As expected, the X80 performed better as I went from 80m to 10m, and the dipole was better in the reverse direction.

As signal strengths are difficult for me to determine accurately, I’ve recorded MP3 comparisons over the last three days on 80m through to 10m. I’ve deliberately selected signals right on the limit, to show the capabilities of the aerials, after all, there’s little point in comparing strength 9 signals on the doorstep. I’ve used 3 antennas in the comparison.

A trapped dipole, which is 108 feet long, trapped for 40m, and fed with balance 75 ohm twin feeder, at a height of 10 metres. It is connected to the rig via a 1 to 1 ballun. I have marked this with one ‘beep’ in the recordings.

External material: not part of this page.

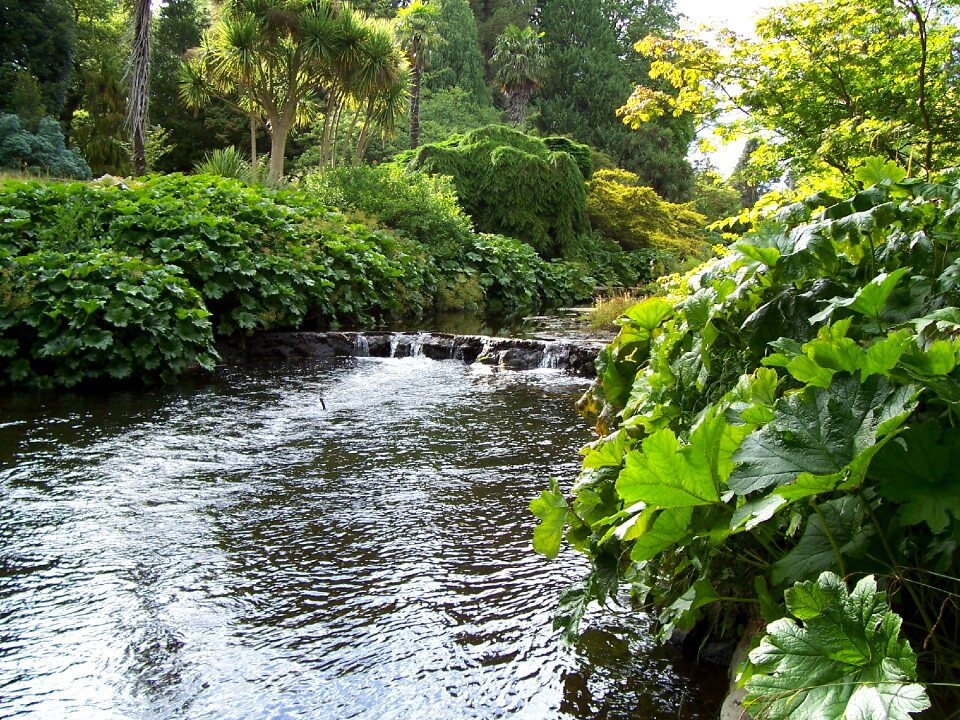 River ireland greenery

The second antenna is the Snowdonia Radio Company X80. It is a 5.8 metre tall aluminium vertical with a 9 to 1 un-un at the base. It is fed with 20 metres of RG213 coax. I’ve marked the SRC X80 with two ‘beeps’ in the recordings.

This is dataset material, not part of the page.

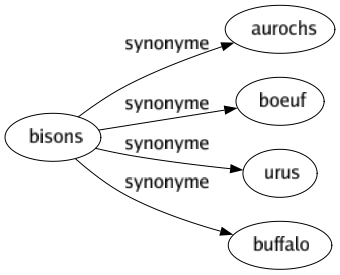 Synonyme de Bisons : Aurochs Boeuf Urus Buffalo 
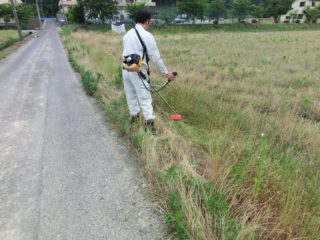 施工前の除草作業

The third antenna is a 3 element Steppir at 11 metres. It is a rotary dipole on 40m and 30m, and a 3 element yagi on 20m to 10m. It is fed with 30 metres of Westflex 103, and there is a 1 to 1 ballun at the feed point to the aerial. I’ve marked this with three ‘beeps’ in the recordings.

I used an ATU once, for the X80 recording on 80m. All other recordings
are without any tuning.

On 80m, you will hear SV2HJQ in Greece. Firstly my trapped dipole, then the X80, then back to my trapped dipole. The dipole gave strength 9, the X80
strength 1.
80m
On 40m, you will hear VE2TC in Canada working some Spanish stations. I have changed the order of the antennas, so they progressively get better. Firstly, you hear the X80 with 2 beeps, then my trapped dipole with 1 beep, and then the Steppir with 3. I then repeat the X80, dipole, and Steppir sequence again.
40m
On 30m, you will hear VP2V/G3PHO in the British Virgin Islands. Firstly, the trapped dipole, then the X80, then the Steppir.
30m
On 20m you will hear HZ1ZH in Saudi Arabia. First the trapped dipole, then the X80, then the Steppir.
20m
Also on 20m, you will hear zl1BD in New Zealand, first the dipole, then the X80, then the Steppir.
20m
On 17m, you will hear KH2/WX8C in Guam. Firstly the dipole, then the X80, and then the Steppir
17m
On 15 m, you will hear V521NAM in Namibia. First, the dipole (no copy), then the X80, finally the Steppir.
15m
On 12m, you’ll hear ST2AR in Sudan. Firstly the trapped dipole, then the X80, and then the Steppir.
This station was worked using the X80 and 10 watts.
12m
On 10m, you will hear LU2NI in Argentina. Firstly the dipole, then the X80, and then the Steppir.